His de facto boss, Yevgeny Prigozhin, had just published an audio message on Telegram threatening to advance on Moscow if Russia’s top military brass was not booted out. 

“We’d been expecting something to happen, but nothing this brash,” said Yagudayev, a 25-year-old social media manager with blue eyes and a bushy beard, referring to the June 23 mutiny led by the leader of the Wagner mercenary group. 

“Many of us understood straight away that it would affect us in one way or another,” said Yagudayev, who works at the media holding Patriot, better known as part of what has become known as Prigozhin’s troll farm.

Yagudayev and his colleagues weren’t wrong. A week later, a top manager at Patriot, Yevgeny Zubarev, announced in an online video that the group would be “exiting the country’s informational sphere.” 

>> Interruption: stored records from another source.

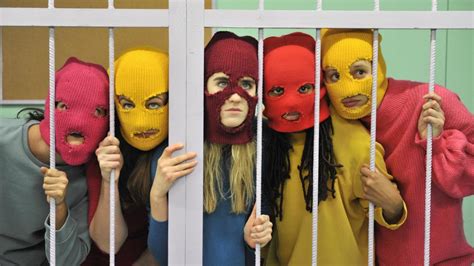 Pussy Riot Wm Ist Sch Ne Fassade Russland Ist Ein Mafia Staat Welt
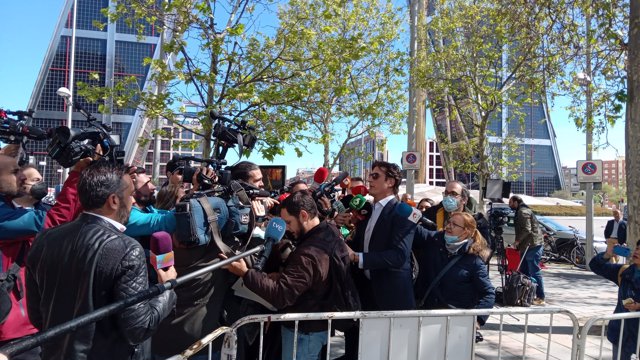 Luis Medina llega a los juzgados de la Plaza Castilla donde ha sido citado por el juez Carretero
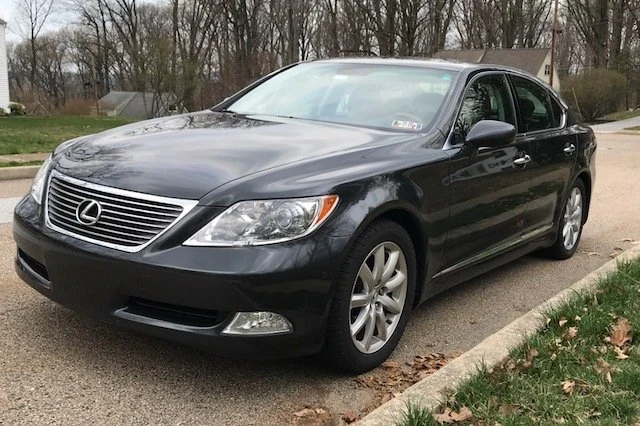 2007 Lexus LS 4th Gen - Image 2 of 9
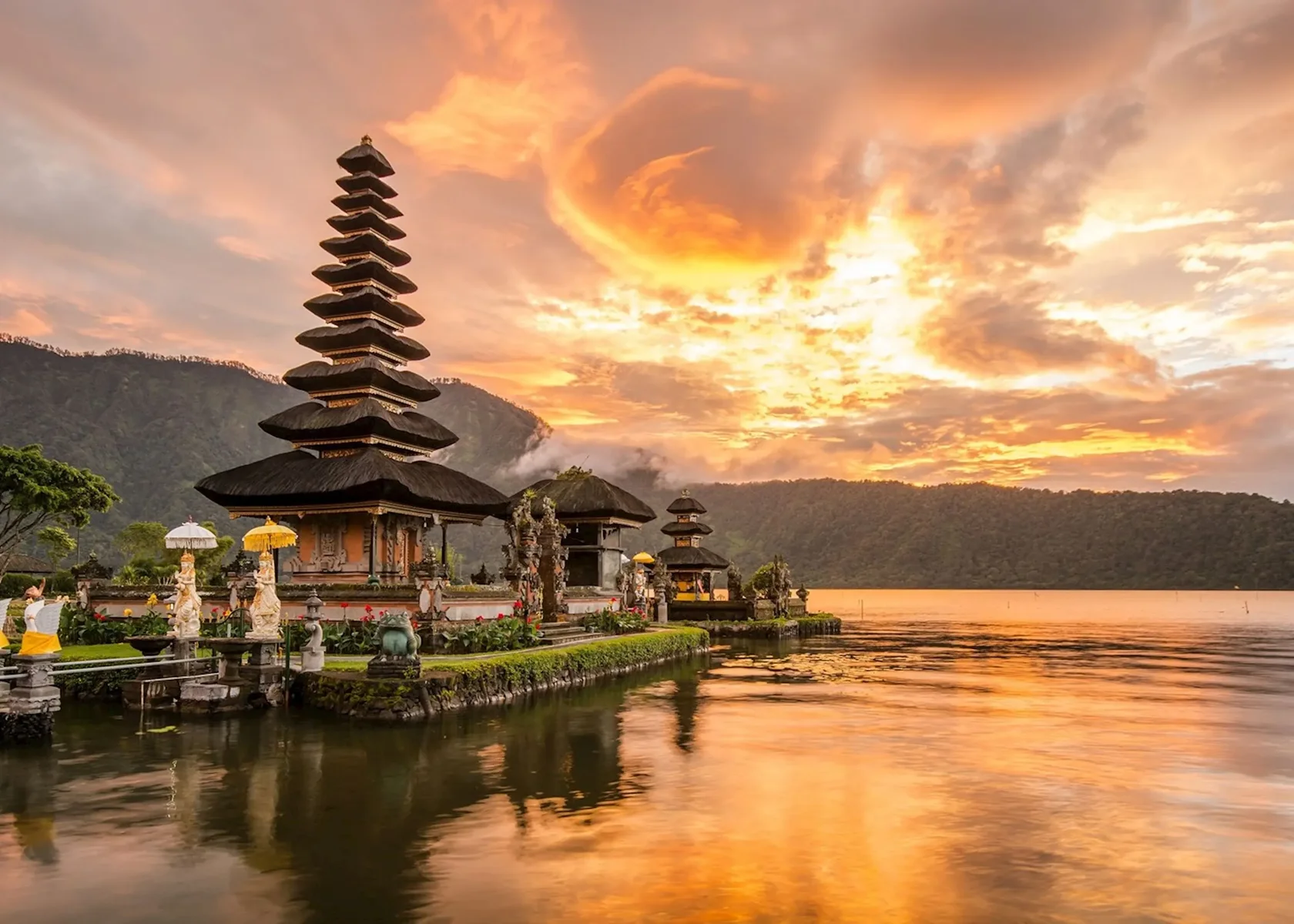 A stunning golden sunset over the iconic Ulun Danu Beratan Temple, representing the calm and spiritual atmosphere of the Nyepi holiday in Bali.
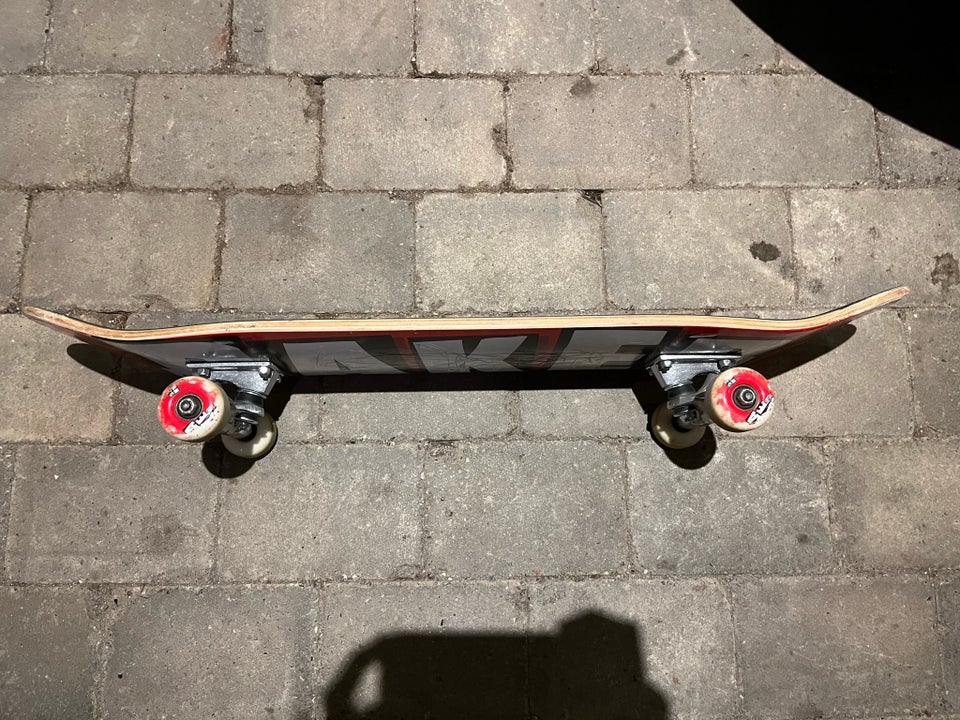 Skateboard, Baker, str. 8”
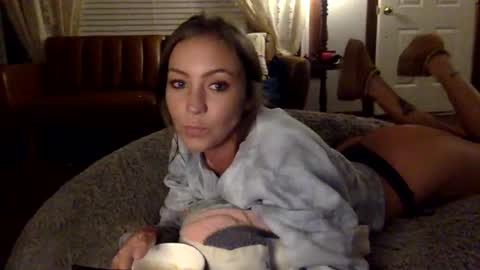 Snapshot of xlacyy chatting on 10.21.25 xLacyy online show from 10.21.25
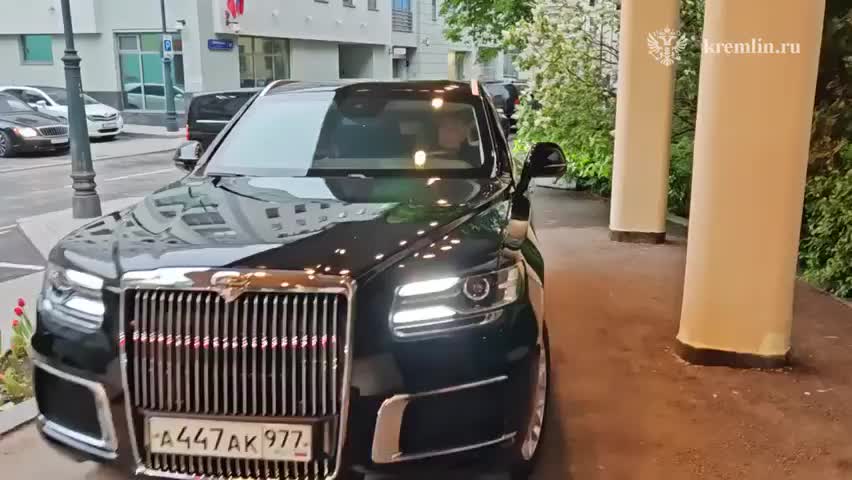 Путин организовал культурную программу для учительницы Веры Гуревич после Парада Победы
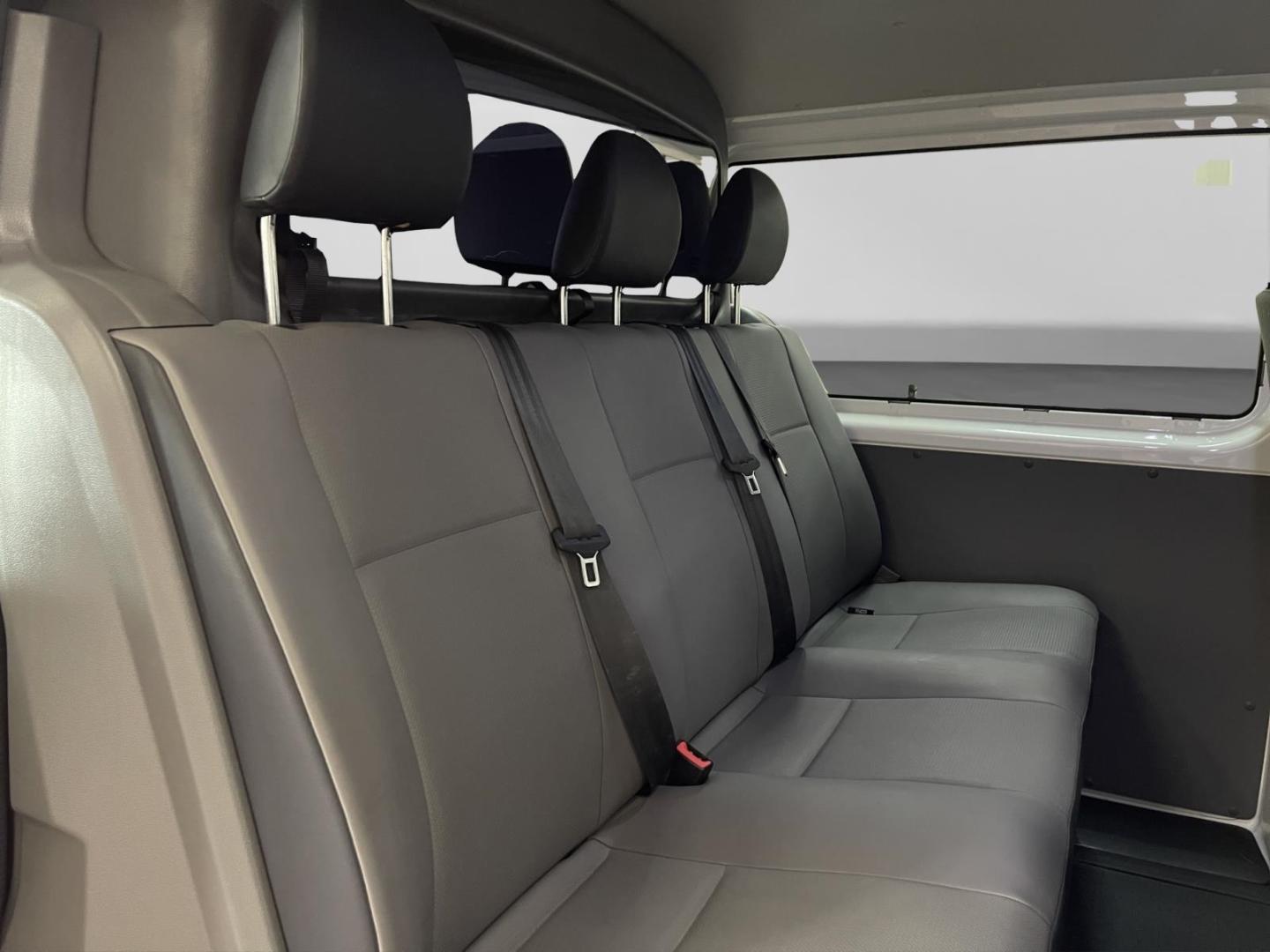 Volkswagen T6.1 Transporter Kasten Plus 2.0 TDI AHK Kamera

The aftermath of Prigozhin’s armed rebellion — arguably the biggest assault on Russian President Vladimir Putin’s authority in more than two decades — has been mystifying.  

Despite official statements that the Wagner boss would be exiled to Belarus, Prigozhin appears to still travel freely, reportedly meeting with Putin in Moscow, and being handed back the equivalent of some $110 million in cash and several weapons. 

Only the dismantling of Prigozhin’s sprawling media business appears concrete, with offices shuttered and dozens out on the street. 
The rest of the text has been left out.